What does not make me laugh, however, are the many many many many many many comments missing the critical element called Grammar.

... Or, maybe, it does make me laugh a little. But it simultaneously makes my insides shrivel up, and I kind of doubt anyone can laugh while experiencing that particular brand of agonizing pain.

Did I mention that bad writing causes me pain? Physical pain? Physical discomfort? Physical violence towards to writer of that piece of bad writing?

No? Perhaps I should mention it again. Bad writing = violence, from me to you with much love.

Sometimes it's mental violence. I'll glare at the person (or my laptop screen) and think a lot of unhappy, bloody thoughts. I'll crumple whatever piece of paper that I'm holding at that time and clench my teeth while cursing the person to the High Heavens (mainly because Heaven is like my personalised version of Hell, for many reasons that are not relevant right now).

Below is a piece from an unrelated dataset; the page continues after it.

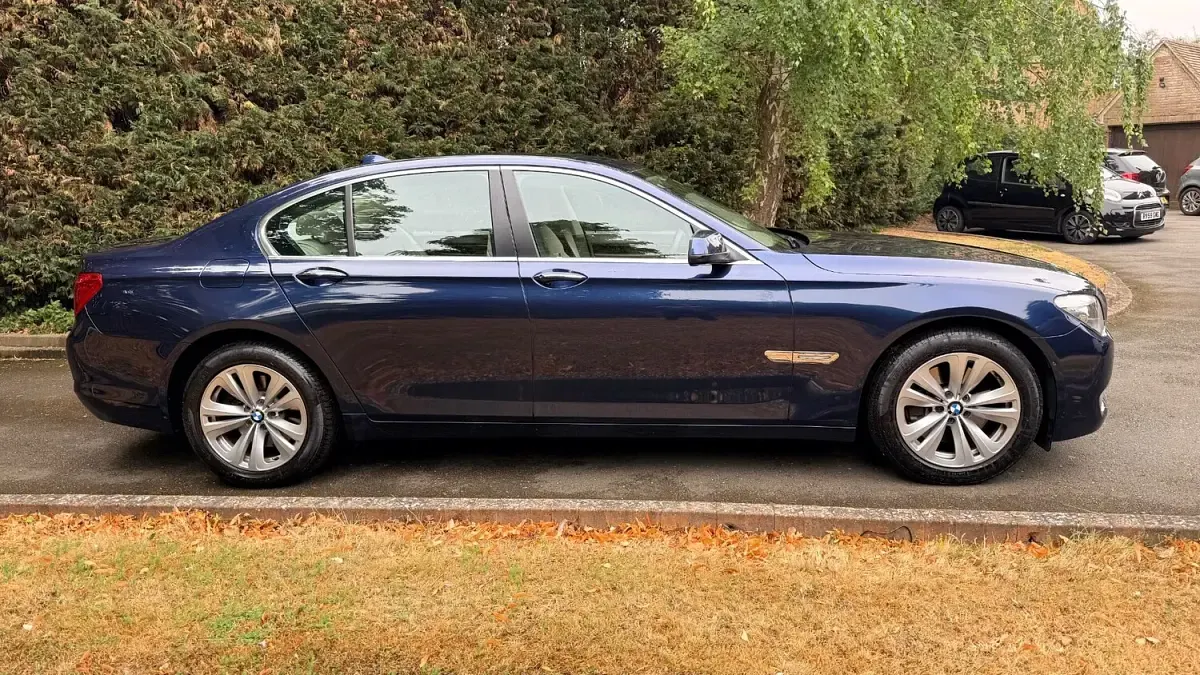 Used BMW 730 Comfort Edition 241 HP (177 kW) 2010 Blue Sedan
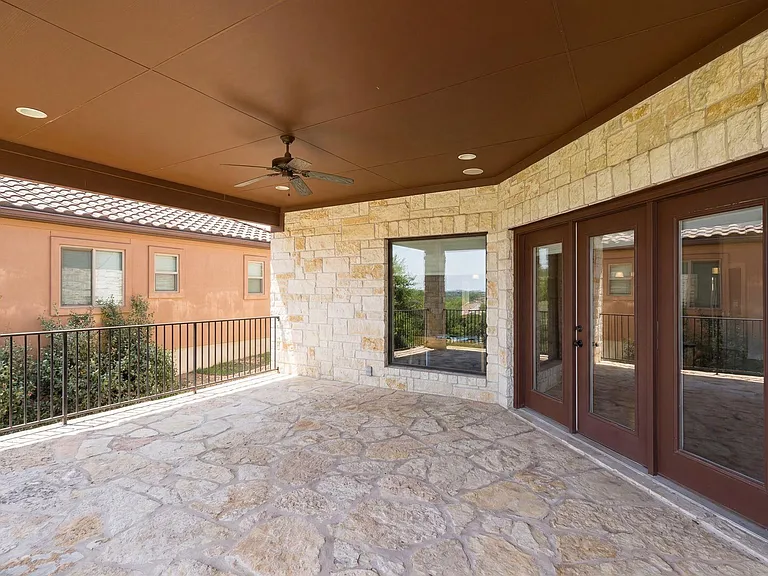 104 Cedar Glen Cv — Photo 20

Well, most of the time. I'm a teenage girl who detests sports, and while that works for writing long, angsty posts on my blog, it hardly allows me to bash a bodybuilder's head. (No offence if you're a bodybuilder, I just needed an example where no degrees are required - or is there a bodybuilders' special bodybuilder university, I don't know.)

Back to the comments. They snapped me out of my cycle of feeling inadequately inadequate and made me cringe, which, while rather uncomfortable, was preferred to feeling worthless and short (which I kind of am).

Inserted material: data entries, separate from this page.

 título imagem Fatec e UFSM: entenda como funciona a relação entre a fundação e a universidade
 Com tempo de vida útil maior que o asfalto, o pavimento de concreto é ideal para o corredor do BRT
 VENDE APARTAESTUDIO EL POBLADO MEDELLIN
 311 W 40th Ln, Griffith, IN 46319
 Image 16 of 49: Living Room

I began scrolling and laughing, and scrolling and laughing... more scrolling and laughing...

And I thought, their comments must cause the authoress quite a lot of discomfort. She's said that she has a compulsive need to correct other people's grammar, which I don't believe is much of a hyperbole, which means that the comments- the commenters who lack a proper grasp of grammar - must cause her a lot of discomfort.

And I thought, how ironic. (Once again I am unsure about the exact use of "irony" and once again I've found that I really don't give a damn.) Her blog post about grammar has attracted so many people, people who don't use proper grammar, and they're commenting about how they can absolutely relate to her compulsive need to correct other people's grammar.

Ha, I thought. Ha ha ha ha ha hahahahaha.

Goodbye, crippling feelings of inadequacy.

I feel perfectly fine again - a.k.a. really fucking selfish and self-centered and too full of myself to care about anyone else... am I repeating myself? Whatever, I'm awesome.